It follows from this that most firms only export a little to a small number of markets. Out of the 1 in 10 UK firms that are good enough to export at all, the number shrinks quickly with the distance from the UK, even for relatively large countries. Using estimates for partner-GDP and distance from standard gravity model of international trade, and comparing countries to France, as a country with a large economy and close to the UK, then we would expect that a little under half of the number of firms that export France would export to the US. This occurs despite the US economy being 6.5 times bigger than France (but it is 10 times further away from the UK).
For China, the expected number of exporters would be just 1/10th of those exporting to France, while for Australia the number of exporters is just 1/20th. So even for countries that are the second and 12th largest economies globally distances severely affect the number of exporters. For economies that are distant and small even fewer firms export to those markets.
So why does this matter in a post-Brexit world?
Two main conclusions might be drawn from this analysis. The dependency of UK exports on a relatively small number of high-quality firms should demonstrate to the government that getting its policy actions wrong, in particular with respect to trade policy, risks damaging exports, but also the UK economy in general, if these firms choose to expand elsewhere or leave the UK altogether.

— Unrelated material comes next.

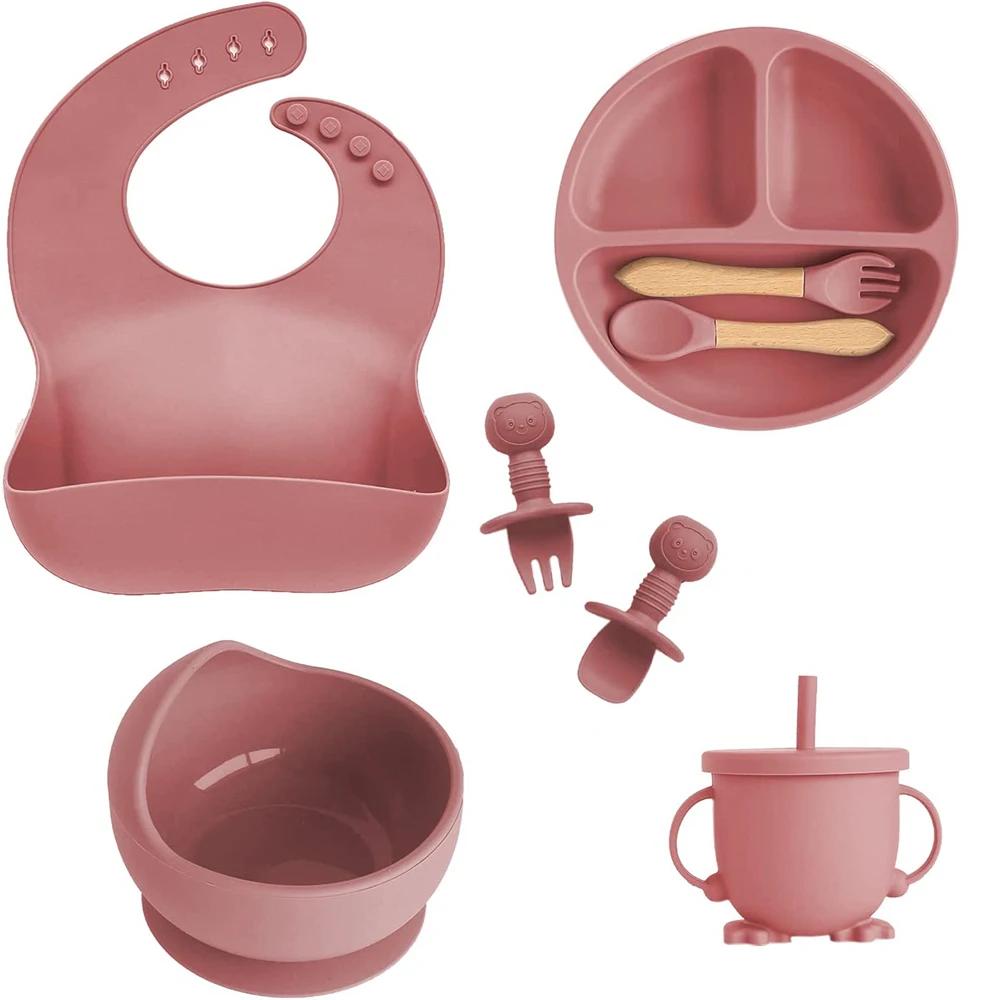 Ensemble de vaisselle en Silicone pour enfants, 6/8 pièces, vaisselle, ventouses, fourchettes, cuill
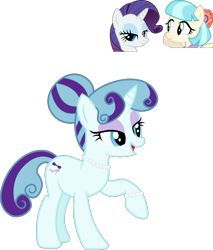 Size: 1034x1211 | Tagged: safe, artist:littlejurnalina, imported from derpibooru, coco pommel, rarity, oc, pony, unicorn, bracelet, female, jewelry, lesbian, magical lesbian spawn, mare, marshmallow coco, necklace, offspring, parent:coco pommel, parent:rarity, parents:marshmallow coco, pearl necklace, raised hoof, screencap reference, shipping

It is also reveals that trade deals with small and distant countries will benefit just a few firms, and stimulate relatively little exports. Retaining current trade policy arrangement with countries that are large and close by would bring no new exports, but they would prevent the decline of the already rare species of UK exporter and total trade. Leaving the EU-trade bloc will harm exports even if this is compensated by new trade deals with others. In such an outcome, the budget of UKTI, the UK’s trade promotion agency, would have to be increased enormously to try to get new exporters to fill this gap.